The sold out concert at Terminal 5 eagerly awaiting the 27-year old Aussie singer/songwriter with that odd fingerpicking and strumming technique that shows a home grown, mostly self-taught guitar playing. One could say the same about her lyrics. And thank goodness for both – Barnett has that innate knack for kneading everyday observations into naturally witty and clever lyrics not inhibited by the formulaic themes written by song doctors and overproduced by sound engineers. Maybe it’s also thanks to the creative freedom Barnett might have with her own music label, Milk! Records. Like the label’s name, Barnett’s recorded and live music are bare-bones organic and fortified with nutrients that are damn good for you.
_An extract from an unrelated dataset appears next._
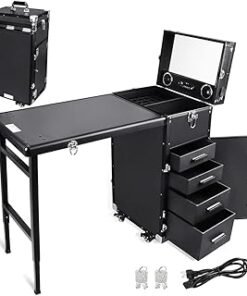 JUMEIYP Rolling Manicure Table, Foldable Nail Station Salon Portable Manicure Professional Nail Table Desk with Drawers/Mirror/Bluetooth Speaker for Movable Makeup Nail Salon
The show starts subdued and low with her onstage solo singing “Anonymous Club,” looking almost aloof and introspective, except for the fact that 3,000 listeners are voyeuristically listening. The rest of the “CB3” band (Bones Sloane on bass and Dave Mudie on drums) join her for the “Lance Jr” and the rest of the 14 song set which were mostly from the latest album. The NY crowd resonated with Barnett’s more poppier tunes. Even Barnett herself begins to let loose and bring on the energy with “Elevator Operator,” “Debbie Downer.” She almost seemed to absorb the energy of the crowd with the catchy “Nobody Really Cares If You Don’t Go to the Party.” With lyrics like “I wanna go out but I wanna stay home” Barnett has ushered in a new anthem for organic Slacker indie-pop. Barnett closed the set with the fan favorite, “Pedestrian at Best” – a much grittier version than the album version, especially at the end of the chorus when she extends “funny” in a deeper and growly tone.
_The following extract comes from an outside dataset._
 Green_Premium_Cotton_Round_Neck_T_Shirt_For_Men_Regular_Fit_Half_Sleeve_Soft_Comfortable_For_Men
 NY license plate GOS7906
After a brief pause off-stage, the CB3 return onstage. A bit shy, she briefly commented on the three floors of packed listeners, somewhat explained some Australian references in the lyrics to some of her songs, and asked the audience almost awkwardly if they knew what a triffid was before she played her encore, “History Eraser” (side note: this is likely a reference to the Australian band The Triffids). She rather timidly thanked everyone for coming and almost seemed surprised that so many showed up.
It’s not uncommon for an artist to struggle with meteoric rise while maintaining such a humble and shy demeanor. One thing’s for sure – in spite of any anxiety to be pedestrian at best, Barnett’s rise show no signs of slowing down. She opens up for Blur at the even larger 18,000+ seat venue of Madison Square Garden on October 23. And I am not surprised if she heads straight for the Grammys as the newest Commonwealth fresh-face since Lorde. So check her out now while she’s still somewhere between brilliant buzz and mainstream.